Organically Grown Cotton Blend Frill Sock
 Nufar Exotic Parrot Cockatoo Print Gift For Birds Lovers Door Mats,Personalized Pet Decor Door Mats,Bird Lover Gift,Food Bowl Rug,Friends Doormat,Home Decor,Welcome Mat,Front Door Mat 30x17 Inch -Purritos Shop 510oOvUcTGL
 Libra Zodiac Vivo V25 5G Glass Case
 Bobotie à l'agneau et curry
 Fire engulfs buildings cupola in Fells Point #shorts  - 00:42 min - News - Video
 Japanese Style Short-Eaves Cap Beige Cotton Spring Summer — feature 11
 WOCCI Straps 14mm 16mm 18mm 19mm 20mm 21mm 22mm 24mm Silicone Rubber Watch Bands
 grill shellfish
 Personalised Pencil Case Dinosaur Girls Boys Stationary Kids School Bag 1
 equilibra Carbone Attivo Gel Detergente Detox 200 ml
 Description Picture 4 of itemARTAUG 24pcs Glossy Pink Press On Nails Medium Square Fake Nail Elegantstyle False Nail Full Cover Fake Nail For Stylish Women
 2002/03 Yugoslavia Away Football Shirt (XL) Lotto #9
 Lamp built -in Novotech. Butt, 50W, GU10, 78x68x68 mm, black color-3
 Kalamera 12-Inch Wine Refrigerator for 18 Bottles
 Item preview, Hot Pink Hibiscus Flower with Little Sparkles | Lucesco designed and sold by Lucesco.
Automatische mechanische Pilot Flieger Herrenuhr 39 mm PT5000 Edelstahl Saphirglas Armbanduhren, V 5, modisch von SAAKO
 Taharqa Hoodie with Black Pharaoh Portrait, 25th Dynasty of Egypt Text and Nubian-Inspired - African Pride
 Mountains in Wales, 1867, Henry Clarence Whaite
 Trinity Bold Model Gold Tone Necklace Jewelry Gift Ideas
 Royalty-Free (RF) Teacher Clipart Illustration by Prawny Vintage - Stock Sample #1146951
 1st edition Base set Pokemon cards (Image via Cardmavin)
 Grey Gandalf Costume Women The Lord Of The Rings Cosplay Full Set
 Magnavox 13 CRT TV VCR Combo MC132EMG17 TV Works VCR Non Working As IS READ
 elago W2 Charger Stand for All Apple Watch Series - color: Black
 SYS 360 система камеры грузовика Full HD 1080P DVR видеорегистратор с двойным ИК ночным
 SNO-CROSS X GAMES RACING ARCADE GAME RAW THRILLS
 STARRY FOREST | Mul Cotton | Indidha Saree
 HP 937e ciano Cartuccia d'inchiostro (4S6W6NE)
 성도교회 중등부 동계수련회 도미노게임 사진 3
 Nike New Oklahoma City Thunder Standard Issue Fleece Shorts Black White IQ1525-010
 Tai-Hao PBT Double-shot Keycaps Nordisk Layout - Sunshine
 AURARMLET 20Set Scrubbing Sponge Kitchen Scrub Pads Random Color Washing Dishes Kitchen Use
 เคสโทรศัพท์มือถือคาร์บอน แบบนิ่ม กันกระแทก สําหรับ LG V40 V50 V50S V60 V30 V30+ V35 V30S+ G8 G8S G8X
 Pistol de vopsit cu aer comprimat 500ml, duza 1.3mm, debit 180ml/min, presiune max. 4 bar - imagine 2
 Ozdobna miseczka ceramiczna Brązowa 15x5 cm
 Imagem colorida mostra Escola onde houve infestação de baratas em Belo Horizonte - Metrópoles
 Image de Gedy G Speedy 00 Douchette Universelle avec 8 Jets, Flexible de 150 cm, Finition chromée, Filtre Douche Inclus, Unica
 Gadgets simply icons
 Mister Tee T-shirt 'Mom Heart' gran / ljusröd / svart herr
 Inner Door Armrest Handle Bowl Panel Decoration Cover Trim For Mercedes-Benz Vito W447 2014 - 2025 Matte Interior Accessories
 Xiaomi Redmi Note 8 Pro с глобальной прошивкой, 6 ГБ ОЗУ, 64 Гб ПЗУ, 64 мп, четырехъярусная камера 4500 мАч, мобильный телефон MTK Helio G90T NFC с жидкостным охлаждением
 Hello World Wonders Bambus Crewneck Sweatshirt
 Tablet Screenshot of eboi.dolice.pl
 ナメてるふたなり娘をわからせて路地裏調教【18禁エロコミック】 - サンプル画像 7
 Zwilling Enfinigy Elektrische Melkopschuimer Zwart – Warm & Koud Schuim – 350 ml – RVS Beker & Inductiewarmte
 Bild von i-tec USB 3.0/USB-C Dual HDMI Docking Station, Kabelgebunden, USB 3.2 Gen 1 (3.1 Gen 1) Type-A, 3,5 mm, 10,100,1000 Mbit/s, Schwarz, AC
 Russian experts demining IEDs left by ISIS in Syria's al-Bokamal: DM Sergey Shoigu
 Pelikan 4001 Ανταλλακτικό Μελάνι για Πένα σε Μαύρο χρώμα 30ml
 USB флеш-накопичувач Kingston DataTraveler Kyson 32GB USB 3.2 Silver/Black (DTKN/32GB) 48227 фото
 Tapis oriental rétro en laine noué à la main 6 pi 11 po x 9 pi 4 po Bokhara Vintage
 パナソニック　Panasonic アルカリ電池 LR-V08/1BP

**YOUR INSTRUCTIONS**
Reproduce every line in the records above that contains the word "Women".

**TASK SOLUTION**
 Description Picture 4 of itemARTAUG 24pcs Glossy Pink Press On Nails Medium Square Fake Nail Elegantstyle False Nail Full Cover Fake Nail For Stylish Women
 Grey Gandalf Costume Women The Lord Of The Rings Cosplay Full Set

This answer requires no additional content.